De boete is dus terecht opgelegd.
Schending hoorplicht
Betrokkene heeft, zonder tussenkomst van een gemachtigde, beroep aangetekend bij de officier van justitie. De officier van justitie heeft betrokkene niet in de gelegenheid gesteld om te worden gehoord. Dit is in strijd met de wet, omdat niet is voldaan aan de wettelijke voorwaarden om van horen af te zien. Volgens vaste rechtspraak dient dit te leiden tot vernietiging van de beslissing van de officier van justitie op het administratief beroep.
Het beroep tegen die beslissing is om die reden gegrond.
De kantonrechter ziet verder reden de boete te matigen met 25%, omdat sprake is van een structurele schending van de hoorplicht (zie het arrest van het gerechtshof Arnhem-Leeuwarden, ECLI:NL:GHARL:2022:9934).
Het beroep tegen de inleidende beschikking is gelet hierop gedeeltelijk gegrond en die beschikking zal worden gewijzigd. Het bedrag dat betrokkene te veel aan zekerheid heeft betaald moet door de officier van justitie worden terugbetaald.

Beslissing

De kantonrechter:
‒ verklaart het beroep tegen de beslissing van de officier van justitie op het administratief beroep gegrond en vernietigt die beslissing;
‒ verklaart het beroep tegen de inleidende beschikking gedeeltelijk gegrond en wijzigt de inleidende beschikking in zoverre dat het bedrag van de boete wordt gewijzigd in € 75,-, plus € 9,- administratiekosten;
‒ draagt de officier van justitie op het bedrag van € 25,-, dat betrokkene te veel als zekerheidstelling heeft betaald, aan betrokkene terug te betalen.

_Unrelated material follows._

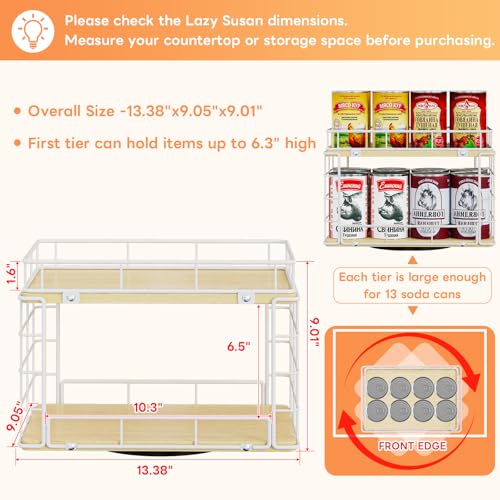 360° Lazy Susan Can Organizer, 2-Tier Rotating Metal Wire Wood Can Rack Holder, Kitchen Pantry Cabinet Countertop Turntable Storage Shelf, Hold 26 Soda Cans Food Beverage Cans Organizer, White - color: White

Deze uitspraak is gedaan door mr. W.H.C. van Eck, kantonrechter, bijgestaan door de griffier mr. S.E. van Wijk, op 20 november 2024.
Als u het niet eens bent met deze beslissing , dan kunt u binnen 6 weken na de hieronder vermelde datum van verzending van deze beslissing hoger beroep instellen bij het gerechtshof Arnhem-Leeuwarden, maar alleen als:
de boete meer dan € 110,00 bedraagt, of
uw beroep niet-ontvankelijk is verklaard omdat u niet of niet op tijd zekerheid heeft gesteld.

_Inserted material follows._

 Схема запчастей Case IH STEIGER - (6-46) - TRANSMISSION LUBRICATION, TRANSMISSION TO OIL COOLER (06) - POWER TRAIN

Het beroepschrift moet worden ingediend bij Rechtbank Zeeland-West-Brabant, Team strafrecht, postbus 67, 4330 AB Middelburg Het beroepschrift moet zijn ondertekend door degene die beroep heeft ingesteld of door de gemachtigde.
U dient daarbij het zaaknummer te vermelden.
De procedure bij het gerechtshof verloopt geheel schriftelijk, tenzij u in het beroepschrift uitdrukkelijk vraagt om een zitting waarop u uw standpunt mondeling wilt toelichten.